Caroline Foot

Personal information
- Full name: Caroline Joy Foot
- National team: Great Britain
- Born: 14 March 1965 (age 61) London, England
- Height: 1.68 m (5 ft 6 in)
- Weight: 63 kg (139 lb; 9.9 st)

Sport
- Sport: Swimming
- Strokes: Butterfly
- Club: York City Baths Club

Medal record
Women's swimming
Representing Great Britain
European Championships (LC)
| Bronze medal – third place | 1997 Seville | 4×100 m medley |
Commonwealth Games
| Silver medal – second place | 1986 Edinburgh | 100 m butterfly |
| Bronze medal – third place | 1998 Kuala Lumpur | 4×100 m medley |

= Caroline Foot =

British swimmer

Caroline Joy Foot (born 14 March 1965) is an English former butterfly swimmer.

==Early life==
Foot attended Millfield School.

==Swimming career==
Foot represented Great Britain at two Summer Olympics: 1988 and 1996. She represented England and won a silver medal in the 100 metres butterfly, at the 1986 Commonwealth Games in Edinburgh, Scotland. Four years later she represented England in the same event, at the 1990 Commonwealth Games in Auckland, New Zealand. A third appearance resulted in 1998 when she participated in the 100 metres butterfly and the medley relay in which she won a bronze medal, at the 1998 Commonwealth Games.

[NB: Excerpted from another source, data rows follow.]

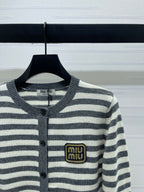 MIUMIU CARDIGAN STYLE 457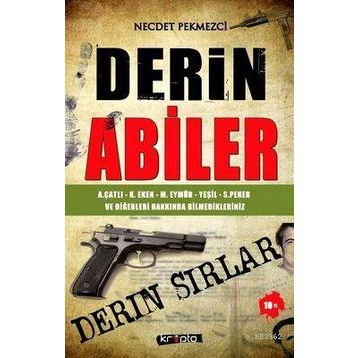 Derin Abiler - Necdet Pekmezci
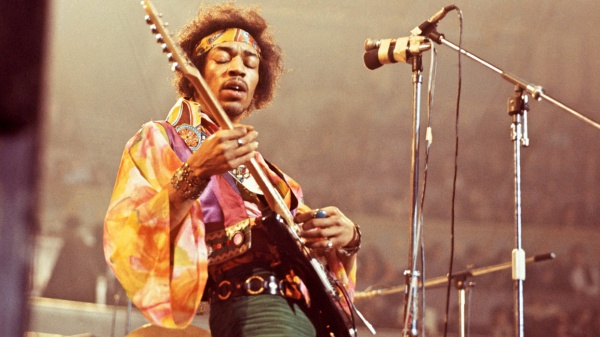 Jimi Hendrix, The Wind Cries Mary e il puré di patate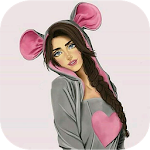 Cover Image of Download Girly m art Pictures & Wallpapers 2019 1.0.0 APK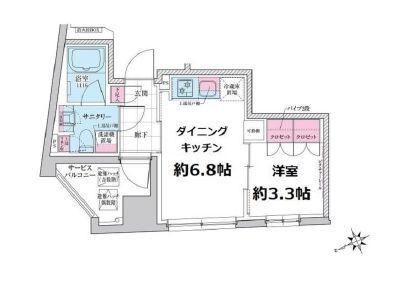 クレヴィアリグゼ三軒茶屋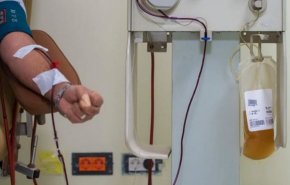 الحشد الشعبي ينظم حملة تبرع جماعية بالبلازما للمصابين بـ ’كورونا’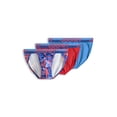 thumbnail image 1 of Jockey Men's Infinite Cool Microfiber Stretch String Bikini - 3 Pack, 1 of 5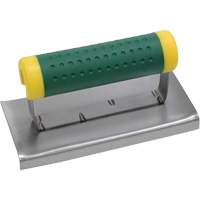 Cement Edger Infinity Industrial Services Inc.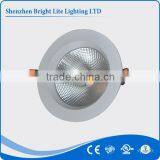 8w,12w,25w,35w Led Downlight 160degrees Adjustable COB 8W CRI90 led downlight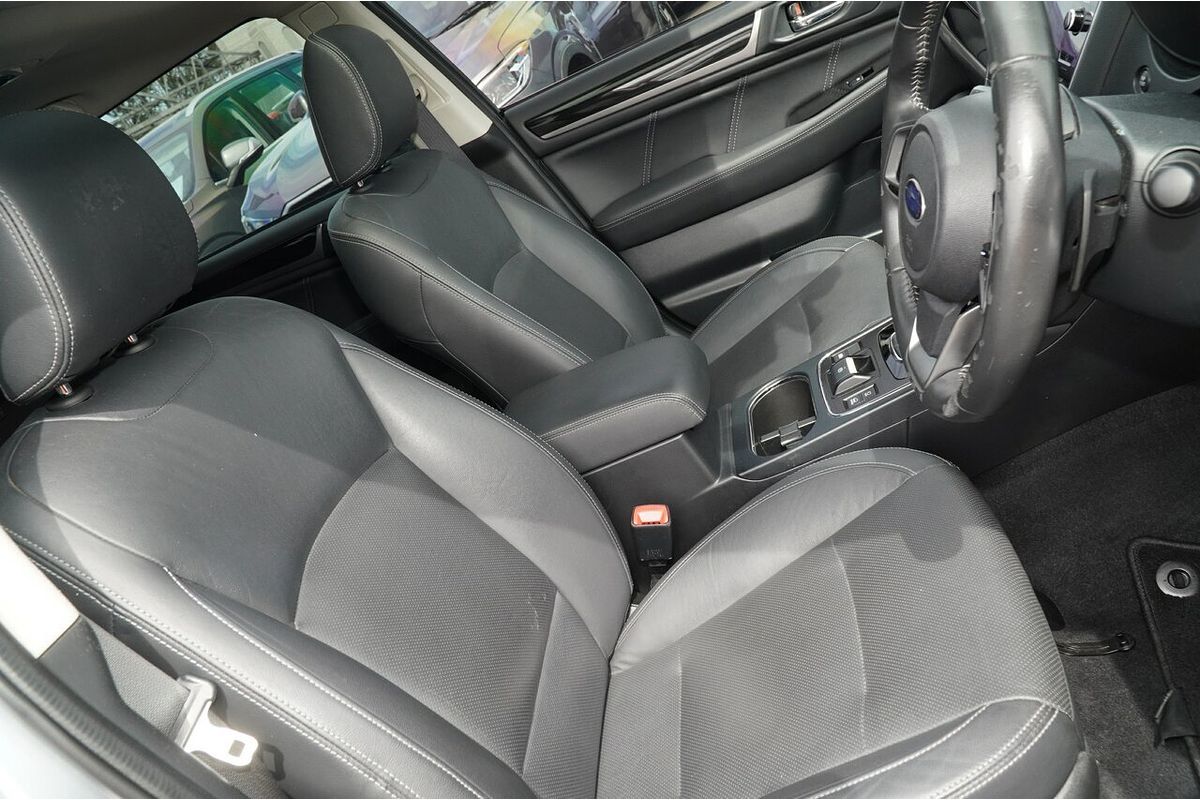 2018 Subaru Outback 2.5i Premium 5GEN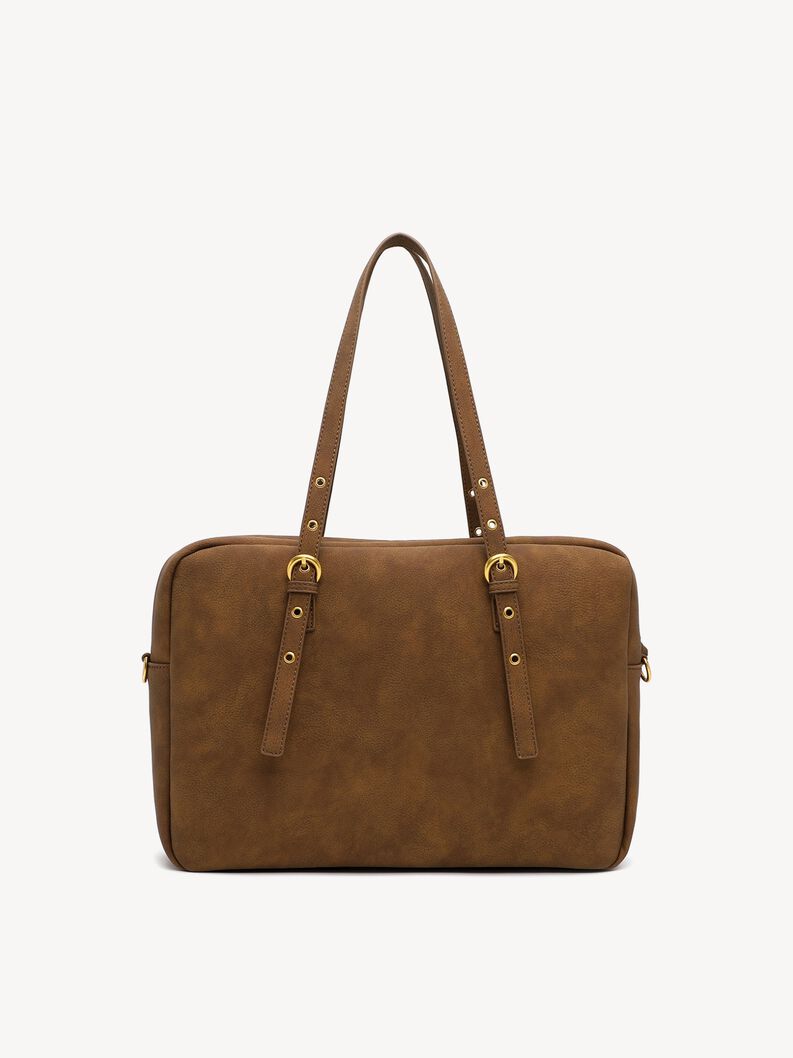 Shopper - braun, cognac, hi-res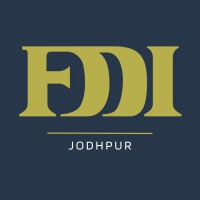 Jodhpur FDDI logo - Similar company to Hokosoko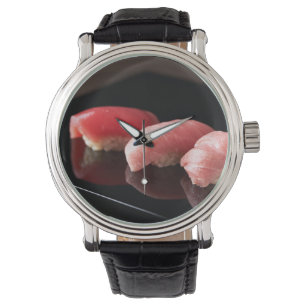 Reflections of Toro – Minimal Sushi Watch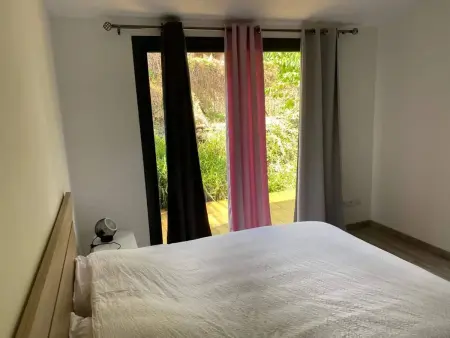 Bungalow moderne avec vue mer à Saint-Leu, Bungalow 4 personnes à Saint Leu - Photo 12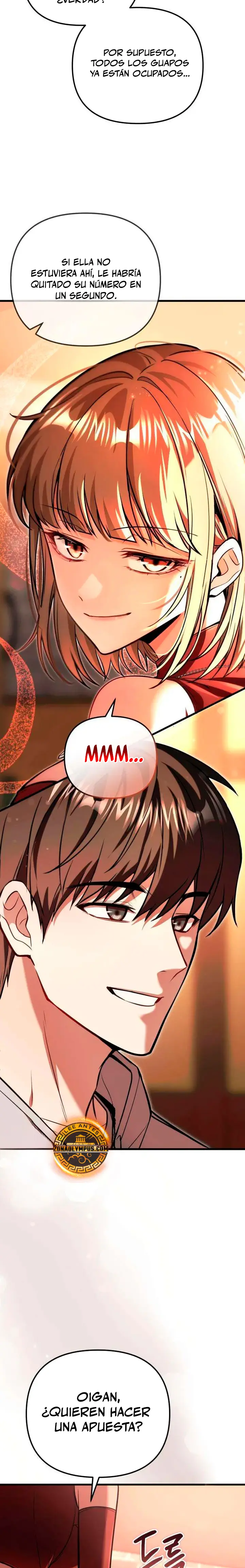 Mi Novia ha Regresado Como una Dragona Capítulo 5 - Page 4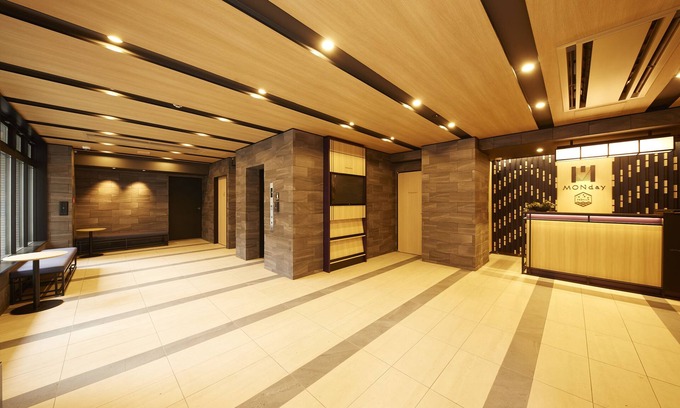 Irifune Apartamento | MONday Apart Premium GINZA SHINTOMICHO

She was a four times winner of the ASA National British Championships 100 metres butterfly (1986, 1995, 1997 and 1998). She also won the 50 metres butterfly title in 1997 and 2000.

A member of swimming club, York City Baths Club, she is known for winning the bronze medal at the 1997 European Championships (LC) in the women's 4×100-metre medley relay, alongside Sarah Price, Jaime King, and Karen Pickering.